BTW, this code here is not meant to be a working example, simply checking the assembler.

cgracey · 2020-03-01 07:13

We don't need it in PNut, but I like to have it so I know for sure how long my code is and how long it takes to execute.

Peter Jakacki · 2020-03-01 09:08

cgracey wrote: »

We don't need it in PNut, but I like to have it so I know for sure how long my code is and how long it takes to execute.
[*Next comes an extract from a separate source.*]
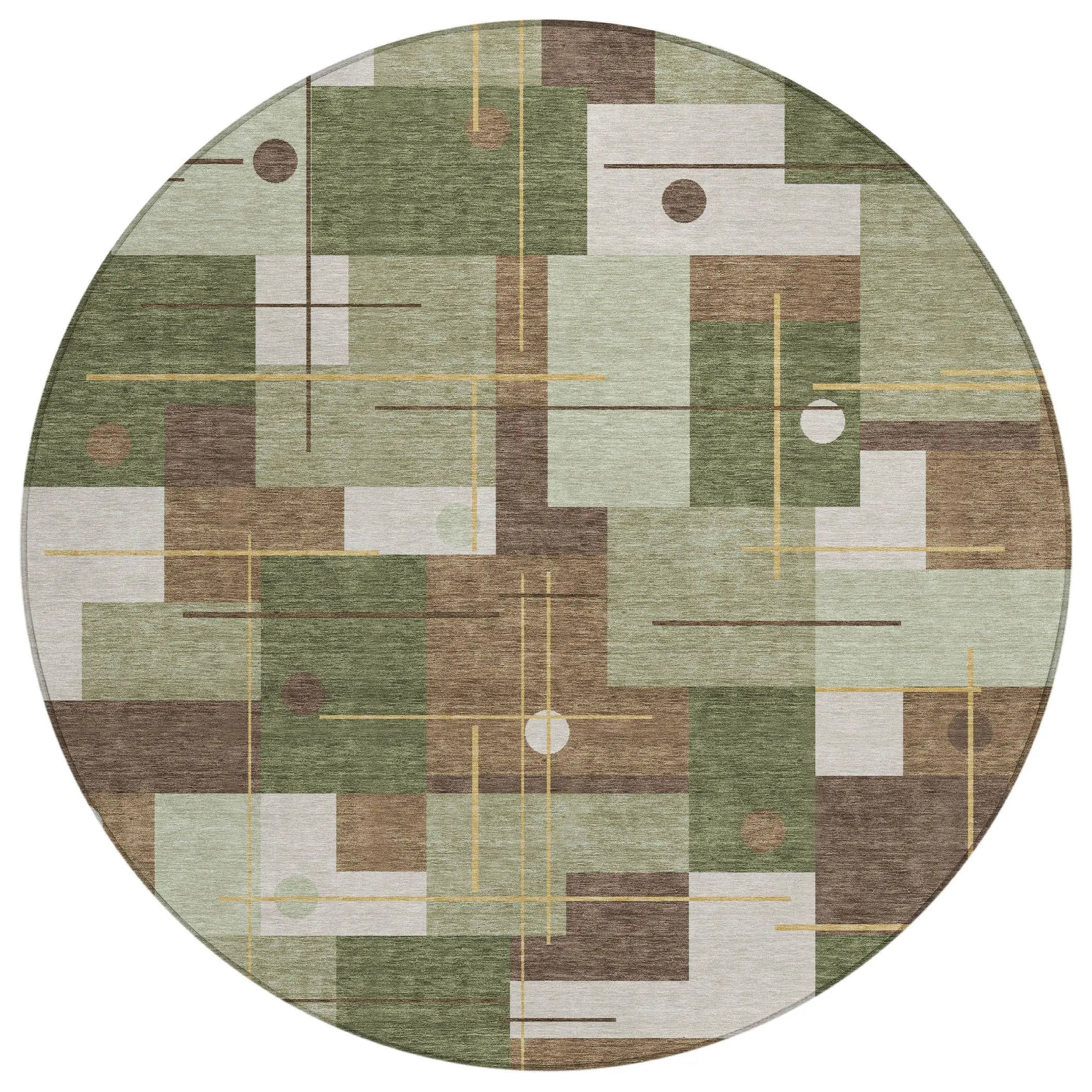 8' Olive Green And Brown Round Geometric Washable Indoor Outdoor Area Rug Homeroots Outdoor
I would think that once we have an immediate operand, then we already know what size it is, although I guess with symbols that might mean it doesn't need an augs and thus reduces the code size. But I think the fact that PNut does not produce a line by line listing is a far greater disadvantage than the forced ##. I agree that having it is good when you want to force it, but not having to use it is also good.

Cluso99 · 2020-03-01 09:38

My preference is to leave ## and report an error otherwise. It’s just like reporting a warning for the missing # in jump instructions.

ErNa · 2020-03-01 11:16

@ Peter: ... --- ... -.-. .... . -.-. -.- -.-- --- ..- .-. .--. --

Peter Jakacki · 2020-03-01 12:10

My preference is to always have the option, this and that is always than this and not that.

So I wrote a check routine for combined augs and augd in the one operation. It starts to look ugly when you want to write a 32-bit immediate value to a 20-bit hub address. Onlyt takes 16 bytes to do it!

I know this is an extreme example, but actually it's good to know that you can do it.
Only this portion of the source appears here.